WHAT IS REQUIRED: Line by line, return the listing exactly, without any of the images.

SOURCE MATERIAL:

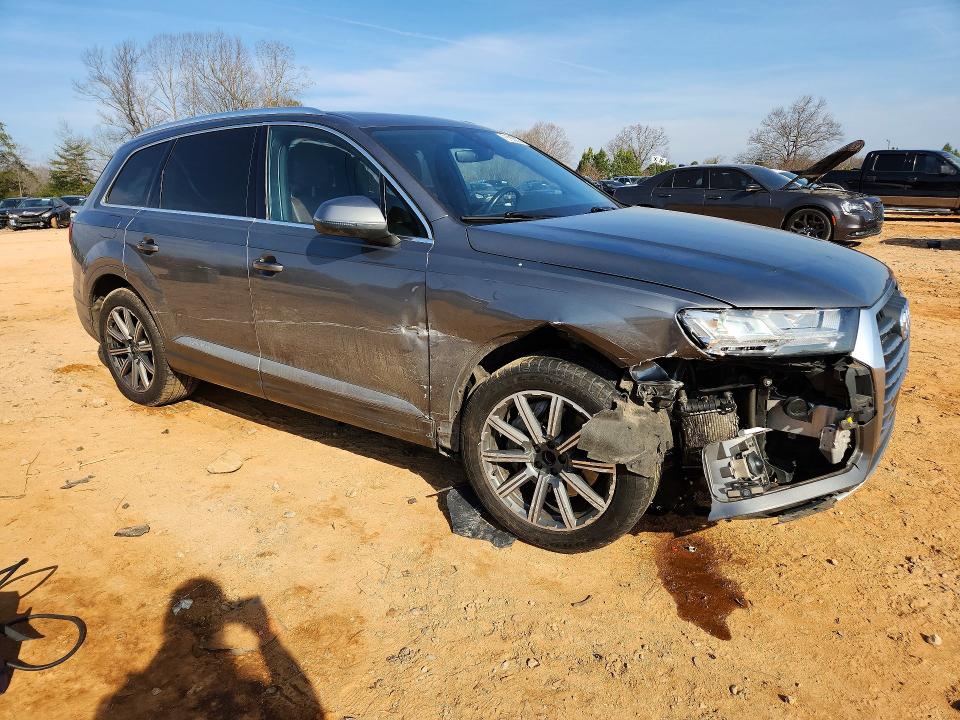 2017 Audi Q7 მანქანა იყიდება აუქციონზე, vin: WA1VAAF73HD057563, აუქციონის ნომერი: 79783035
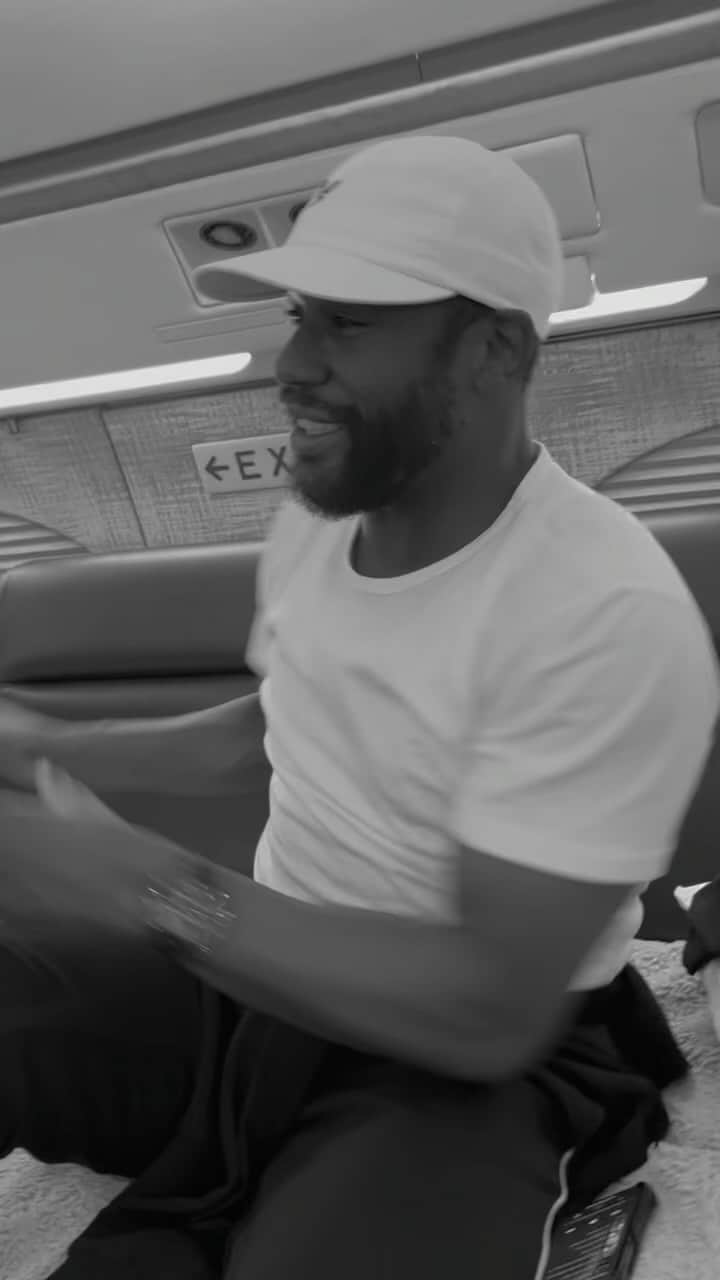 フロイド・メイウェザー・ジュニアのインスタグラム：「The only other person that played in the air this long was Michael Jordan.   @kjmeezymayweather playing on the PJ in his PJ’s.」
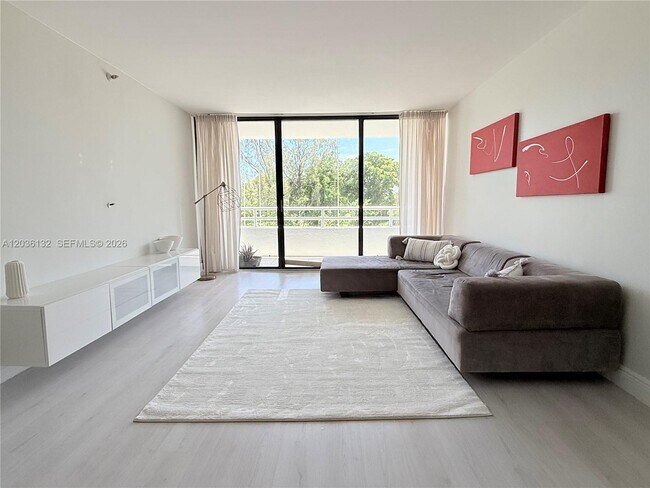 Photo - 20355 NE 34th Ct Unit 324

ANSWER TO THIS EXERCISE:
 2017 Audi Q7 მანქანა იყიდება აუქციონზე, vin: WA1VAAF73HD057563, აუქციონის ნომერი: 79783035
 フロイド・メイウェザー・ジュニアのインスタグラム：「The only other person that played in the air this long was Michael Jordan.   @kjmeezymayweather playing on the PJ in his PJ’s.」
 Photo - 20355 NE 34th Ct Unit 324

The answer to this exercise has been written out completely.